For each analyzed e-commerce dataset we compute the burstiness parameter, b _m, for m = 2, 4, 8, 16, 32, 64, 128, and 256 s. We also determine the mean value of the burstiness parameter, b _mean, to compare the burstiness across the multiple datasets.

3 Results

3.1 Empirical Data Description

We analyzed access log data of e-commerce websites obtained from seven online retailers (the identities of the websites are not revealed for confidentiality restrictions). The analyzed websites vary in the type and size of the store offer, the website structure and the traffic level in terms of the number of HTTP requests received in a 24-hour period. The highest traffic was registered for the online bookstore site (SiteB), offering books, films, and multimedia (89,486 requests in total) and for the website offering products and services for elderly people (SiteE, 70,352 requests). Two datasets were for the automotive branch e-stores: SiteA1 (10,472 requests) and SiteA2 (20,378 requests). Two other datasets, differing significantly in the numbers of samples, were for websites offering tourist equipment and clothes: SiteT1 (2,616 requests) and SiteT2 (37,819). The last dataset, SiteH, was for the site offering devices and systems for house equipment and contained only 7,666 samples (the corresponding website was not well positioned at that time).

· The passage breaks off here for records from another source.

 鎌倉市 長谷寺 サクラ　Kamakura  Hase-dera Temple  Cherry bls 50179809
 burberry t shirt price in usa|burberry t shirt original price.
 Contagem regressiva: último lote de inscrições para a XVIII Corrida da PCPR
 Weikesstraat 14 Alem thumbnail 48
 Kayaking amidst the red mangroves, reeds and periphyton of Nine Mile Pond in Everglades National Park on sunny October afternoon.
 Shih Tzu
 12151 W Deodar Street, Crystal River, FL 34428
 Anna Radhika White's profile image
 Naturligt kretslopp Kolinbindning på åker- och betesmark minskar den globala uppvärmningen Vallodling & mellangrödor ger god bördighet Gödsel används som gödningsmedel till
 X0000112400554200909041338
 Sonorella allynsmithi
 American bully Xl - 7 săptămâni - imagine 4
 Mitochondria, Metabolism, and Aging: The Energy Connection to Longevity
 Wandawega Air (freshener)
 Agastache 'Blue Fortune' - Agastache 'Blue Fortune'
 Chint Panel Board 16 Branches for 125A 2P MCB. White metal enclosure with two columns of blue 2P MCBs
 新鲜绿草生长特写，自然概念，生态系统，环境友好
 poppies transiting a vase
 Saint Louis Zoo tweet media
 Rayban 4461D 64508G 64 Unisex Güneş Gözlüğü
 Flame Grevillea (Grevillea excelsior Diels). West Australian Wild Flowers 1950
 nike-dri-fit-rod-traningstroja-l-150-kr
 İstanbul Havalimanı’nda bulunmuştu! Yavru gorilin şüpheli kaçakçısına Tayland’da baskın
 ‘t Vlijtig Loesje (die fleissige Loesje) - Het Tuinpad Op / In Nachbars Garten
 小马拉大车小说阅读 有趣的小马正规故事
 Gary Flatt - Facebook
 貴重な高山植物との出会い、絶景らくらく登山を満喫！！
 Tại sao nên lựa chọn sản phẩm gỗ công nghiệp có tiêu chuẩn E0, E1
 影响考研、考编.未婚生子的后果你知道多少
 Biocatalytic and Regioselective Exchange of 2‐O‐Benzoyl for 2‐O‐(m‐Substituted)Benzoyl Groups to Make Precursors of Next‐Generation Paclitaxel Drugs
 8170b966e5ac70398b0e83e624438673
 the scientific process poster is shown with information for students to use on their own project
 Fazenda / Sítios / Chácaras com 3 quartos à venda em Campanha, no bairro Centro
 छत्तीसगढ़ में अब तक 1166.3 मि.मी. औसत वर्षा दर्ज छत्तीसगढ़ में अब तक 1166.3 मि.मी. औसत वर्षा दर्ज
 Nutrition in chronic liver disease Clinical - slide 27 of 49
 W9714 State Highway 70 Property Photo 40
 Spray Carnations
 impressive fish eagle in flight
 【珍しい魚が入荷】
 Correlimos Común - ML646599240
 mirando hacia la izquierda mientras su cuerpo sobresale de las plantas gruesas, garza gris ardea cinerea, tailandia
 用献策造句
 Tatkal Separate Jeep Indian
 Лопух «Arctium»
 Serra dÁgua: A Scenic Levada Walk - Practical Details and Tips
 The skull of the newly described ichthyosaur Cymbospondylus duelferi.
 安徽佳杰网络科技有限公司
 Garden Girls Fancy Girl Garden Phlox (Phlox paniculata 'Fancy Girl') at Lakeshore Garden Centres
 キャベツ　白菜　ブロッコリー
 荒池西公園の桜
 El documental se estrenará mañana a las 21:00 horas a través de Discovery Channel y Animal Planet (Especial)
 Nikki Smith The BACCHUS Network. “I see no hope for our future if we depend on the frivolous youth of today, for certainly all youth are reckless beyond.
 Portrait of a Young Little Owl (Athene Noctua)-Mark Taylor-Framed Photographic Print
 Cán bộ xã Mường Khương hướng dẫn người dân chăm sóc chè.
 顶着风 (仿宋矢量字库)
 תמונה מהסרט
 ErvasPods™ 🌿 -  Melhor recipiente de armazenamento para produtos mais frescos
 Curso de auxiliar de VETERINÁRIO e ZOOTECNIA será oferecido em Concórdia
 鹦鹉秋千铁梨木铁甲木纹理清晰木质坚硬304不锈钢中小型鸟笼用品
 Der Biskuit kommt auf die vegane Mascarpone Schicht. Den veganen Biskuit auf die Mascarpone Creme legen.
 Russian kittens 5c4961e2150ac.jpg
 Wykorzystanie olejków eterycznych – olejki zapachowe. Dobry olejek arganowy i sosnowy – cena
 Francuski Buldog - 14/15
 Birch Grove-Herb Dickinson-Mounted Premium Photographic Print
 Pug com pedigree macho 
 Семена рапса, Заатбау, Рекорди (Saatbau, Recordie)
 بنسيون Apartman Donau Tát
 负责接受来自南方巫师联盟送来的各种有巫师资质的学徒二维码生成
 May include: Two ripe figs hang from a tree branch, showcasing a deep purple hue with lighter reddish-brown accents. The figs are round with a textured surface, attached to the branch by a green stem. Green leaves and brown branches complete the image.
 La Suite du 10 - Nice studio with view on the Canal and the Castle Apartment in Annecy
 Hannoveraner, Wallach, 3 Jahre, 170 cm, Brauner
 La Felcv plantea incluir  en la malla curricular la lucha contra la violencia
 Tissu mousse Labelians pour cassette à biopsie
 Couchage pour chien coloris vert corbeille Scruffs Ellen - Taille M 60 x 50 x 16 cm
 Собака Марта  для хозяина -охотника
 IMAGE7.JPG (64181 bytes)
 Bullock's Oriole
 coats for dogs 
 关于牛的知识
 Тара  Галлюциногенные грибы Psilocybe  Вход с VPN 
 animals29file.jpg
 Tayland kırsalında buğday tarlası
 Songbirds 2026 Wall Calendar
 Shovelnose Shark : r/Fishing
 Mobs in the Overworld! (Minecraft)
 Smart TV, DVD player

General information on the analyzed Web stores’ data is summarized in Table 1. Note that although dates of data collection differ between the individual websites, time samples in each dataset cover the total time interval of 24 h.

Table 1. Basic information on the analyzed e-commerce datasets.

Full size table

3.2 Burstiness

Figures 1, 2, 3, 4 and 5 illustrate request arrival rates at different time scales (per subintervals of m = 4, 8, 16, 32, and 64 s) for the most numerous dataset, SiteB. Depending on the subinterval duration, data shown in the figures covers various observation windows. For example, Fig. 1 illustrates request arrival rates for 1200 4-second subintervals so the plotted data corresponds to an 80-minute time span. The higher the value of m is, the longer observation window is reflected in a figure.

Data in Fig. 5 corresponds to the whole one day (24 h). In this case a clear diurnal pattern of request arrivals is visible, with the least intensive traffic at night time, the gradually increasing traffic since 5 am till the peak traffic period starting at about 2 pm and lasting till about 10 pm.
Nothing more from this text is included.